▸ Exercise brief:
The answer must be an exact copy of the lines from the one containing "Poster Paysage nordique" through the last line of the records, with no pictures.

**** Dataset records

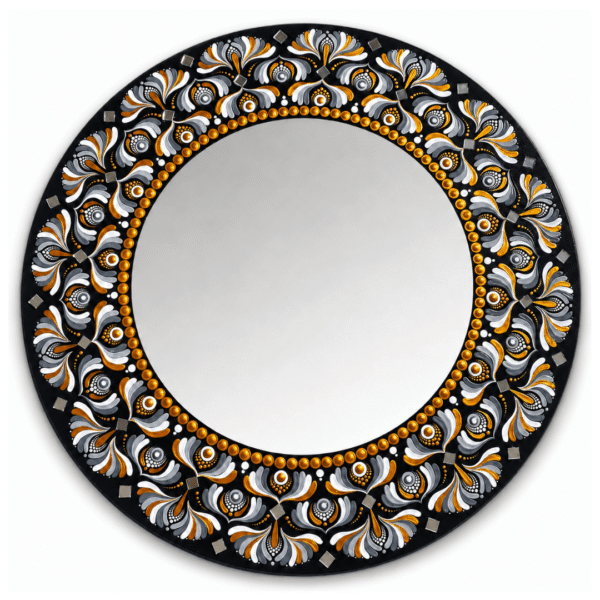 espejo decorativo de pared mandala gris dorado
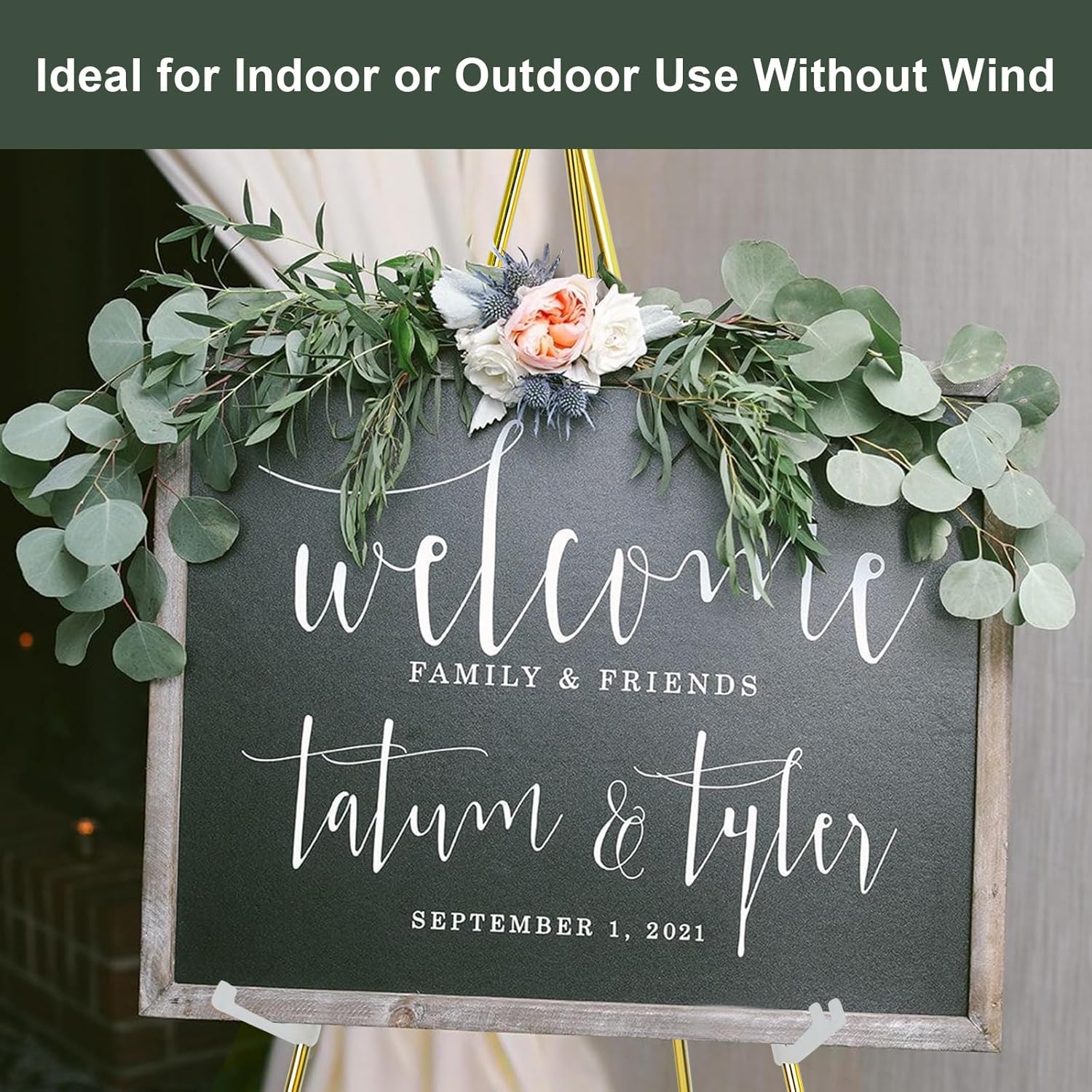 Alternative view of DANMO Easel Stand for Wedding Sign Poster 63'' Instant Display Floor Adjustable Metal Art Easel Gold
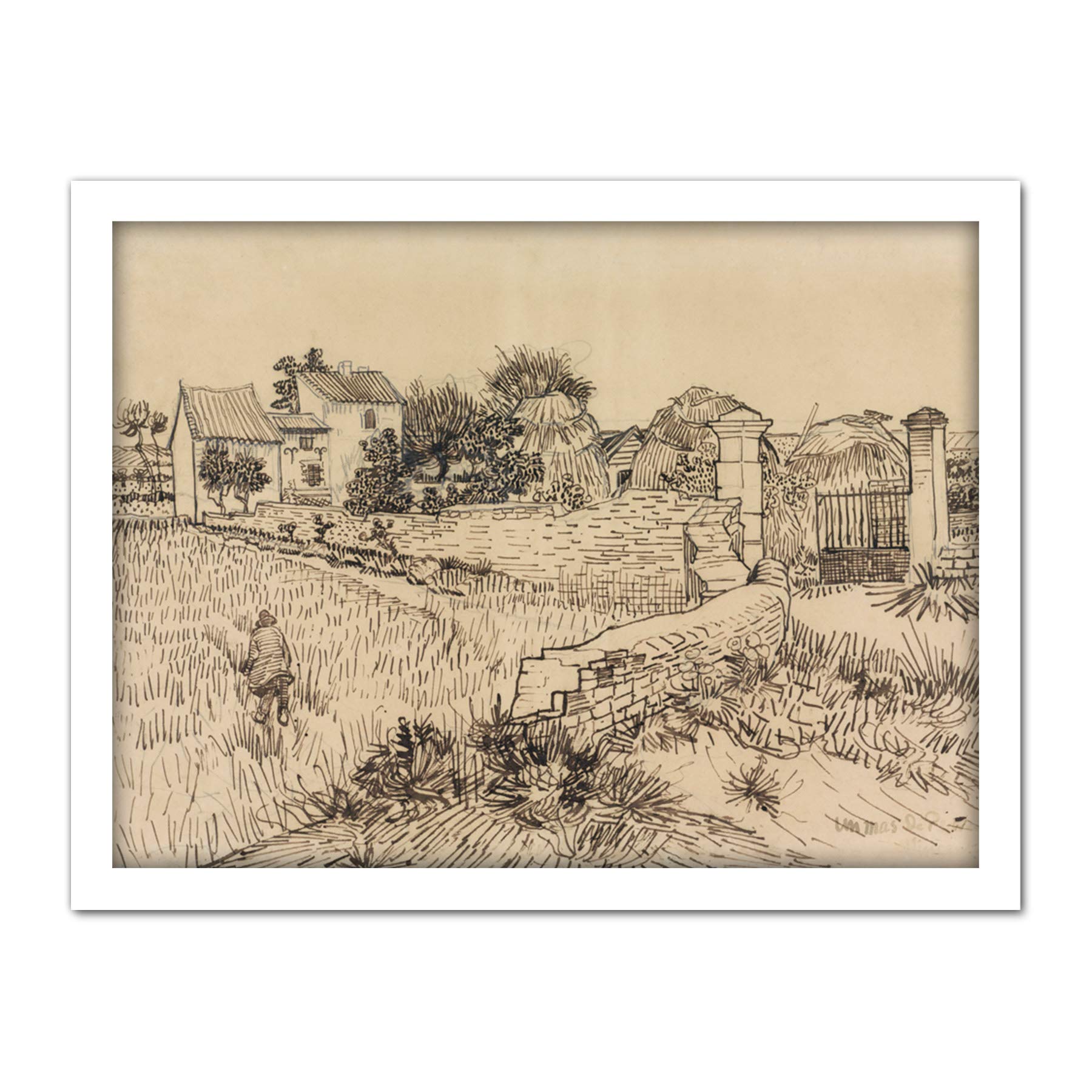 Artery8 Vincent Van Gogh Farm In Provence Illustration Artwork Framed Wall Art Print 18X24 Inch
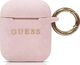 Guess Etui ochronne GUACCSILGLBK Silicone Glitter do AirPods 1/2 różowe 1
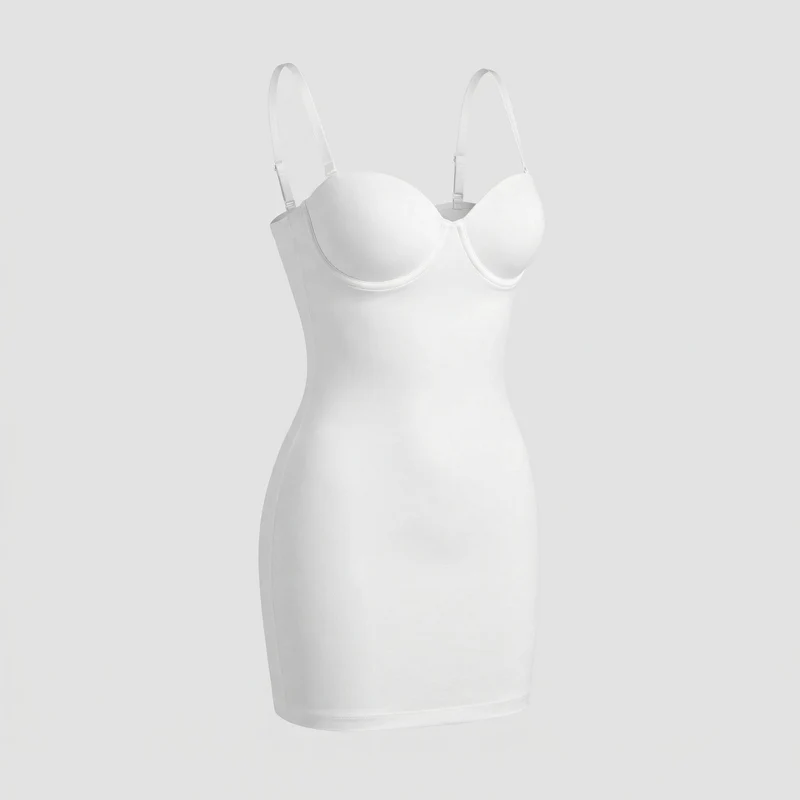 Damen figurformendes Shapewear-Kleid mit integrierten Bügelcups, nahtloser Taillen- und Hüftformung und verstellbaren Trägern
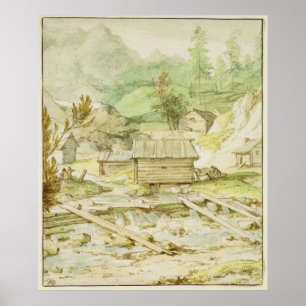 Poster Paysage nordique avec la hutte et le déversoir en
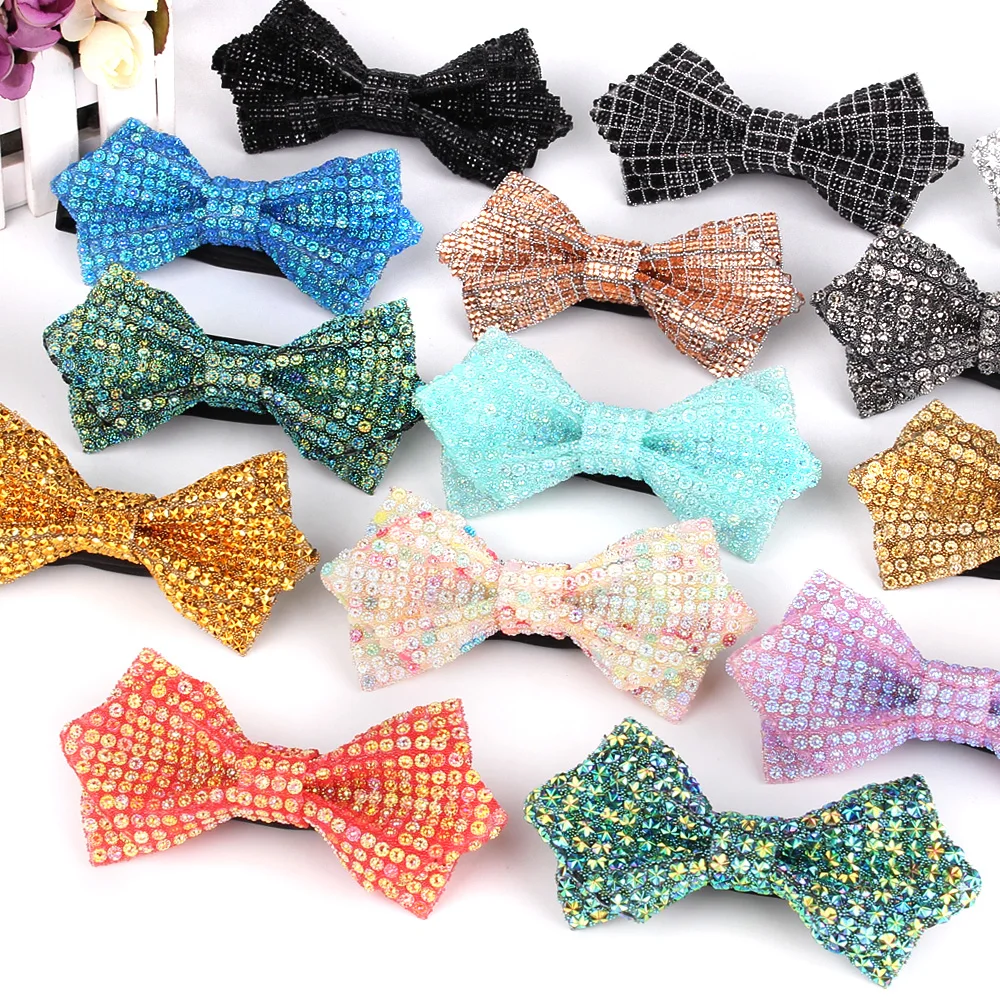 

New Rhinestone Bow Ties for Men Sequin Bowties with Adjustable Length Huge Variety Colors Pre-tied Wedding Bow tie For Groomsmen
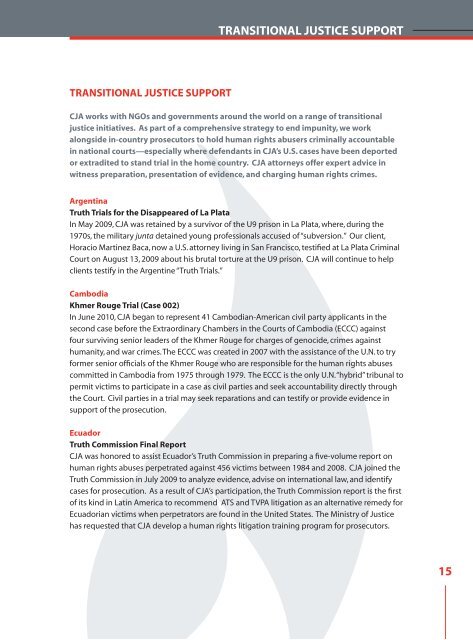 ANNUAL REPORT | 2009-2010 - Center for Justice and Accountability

********

▸ Task solution:
 Poster Paysage nordique avec la hutte et le déversoir en

New Rhinestone Bow Ties for Men Sequin Bowties with Adjustable Length Huge Variety Colors Pre-tied Wedding Bow tie For Groomsmen
 ANNUAL REPORT | 2009-2010 - Center for Justice and Accountability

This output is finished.